My Son is only 10 and I have yet to take him up. Should work toward that… now that I am so moved by your story. Never enough time though. Soon they grow up and have lives of their own and are away on their own adventures. Thank you for reminding me. Good stuff!
We will always, eventually, run out of time with our loved ones… gotta make the days count.
“Maybe next weekend”
I respectfully disagree with Humble above. I feel that a person as articulate in writing as Captain Lex would very probably be very articulate when it comes to passing on skills. Of course, I’m about Captain Lex’s age so some of the “Senior Officer/Very Experienced Awe would probably be worn off. But just some mind you.
I think a lot about the scene from the Replacements that AW1 Tim uses above, but in a different way. If I have a skill, I sure as heck want to be the one to impart it to my kids. In other words, I want the ball.
The two younger ones are pretty good drivers, even though my daughter tends to be a lead foot. I don’t know where she learned that.
I’ve seen pictures of SNO with his Dad. I think he has the perfect Primary instructor. Let someone else do the harder stuff later, he’ll always remember that first instructor.
Which T-2C outfit? I remember 9, 23 and 26 and was in 26 from Feb 77 to Dec 78. I had to go back to sea with a workload like we had on “preferred shore duty.”
I liked the Buckeye. It was easy to work on and one guy could jack one up if he had to.
I taught my wife to drive stick. I suppose I was a bit impatient at times. The final exam was when I drove up a hill with about a 30 degree grade with a stop sign just shy of the summit. As someone pulled up behind us put the car in neutral, set the emergency brake, got out and told her “Your turn. Get in the driver’s seat and let’s go.”
Didn’t stall it.

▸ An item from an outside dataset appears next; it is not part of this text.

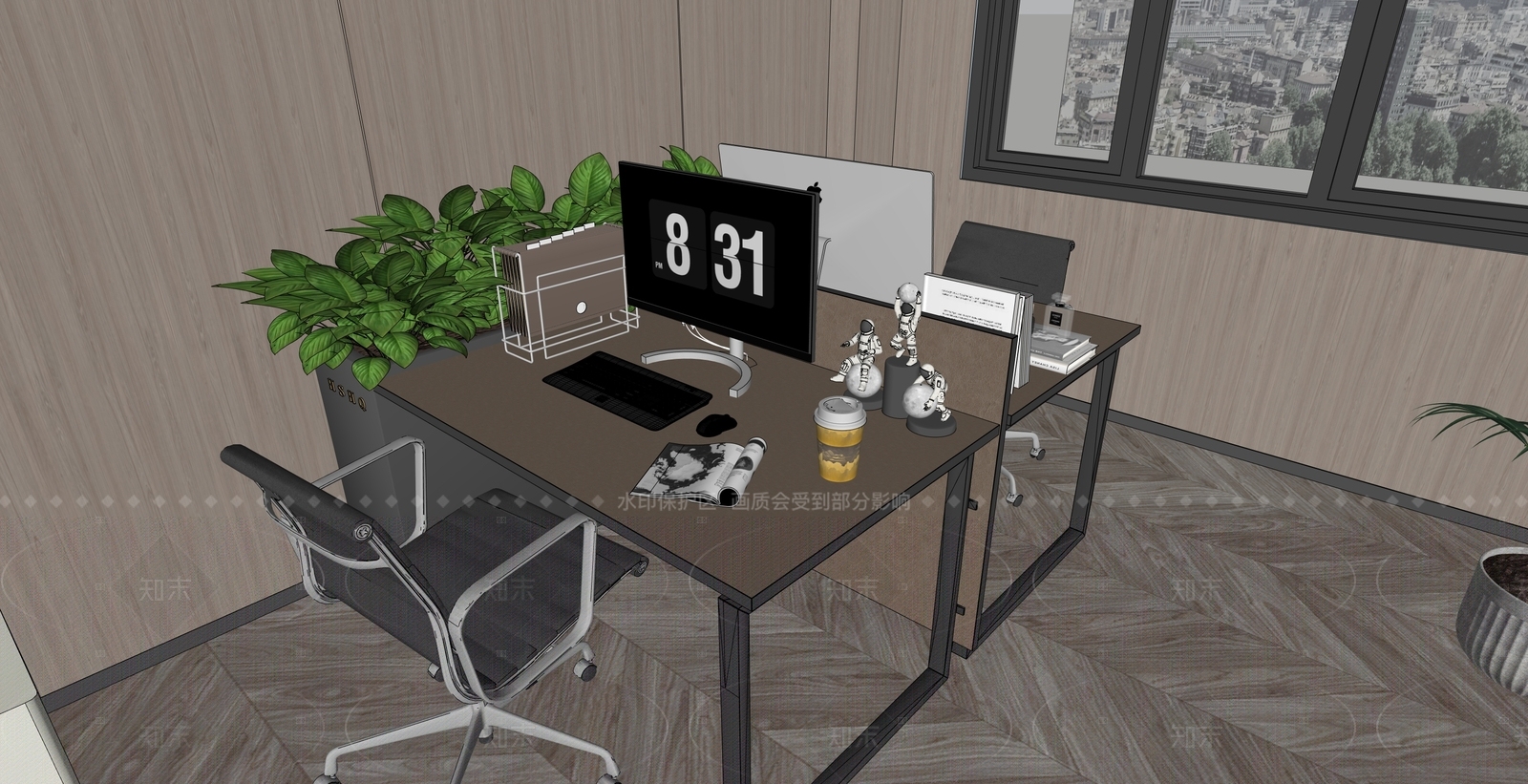 现代办公室SU模型下载【ID:1206086467】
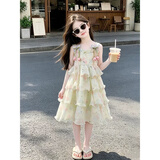 女童连衣裙夏装2026新款洋气儿童吊带裙夏季蛋糕裙女大童公主裙子 彩色连衣裙 140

Didn’t roll back into the guy behind us.
First solo … not apparent that even 20 hours is adequate.
NTSB Identification: CEN09LA168
14 CFR Part 91: General Aviation
Accident occurred Saturday, February 14, 2009 in Tulsa, OK…
piloted by a student pilot, sustained substantial damage …Riverside Airport (RVS), Tulsa, Oklahoma. … … The student pilot on board the airplane was not injured. …this was the student pilot’s first solo flight and her instructor observed from a distance. The pilot made a landing approach to runway 01R and flared prematurely. The airplane landed hard and bounced. The student pushed the nose down and the airplane struck the runway, collapsing the nose gear.
Any time in the air with your kids is like gold, regardless of how well the lessons are imparted and I’m sure you’re better at it then me. I’ve enjoyed it in poor conditions as well since it was not only a learning experience but something to spark conversation later on (Dad do you remember when you pranged theplane on the crosswind landing…).
SNO is a lucky guy to have you looking out for him.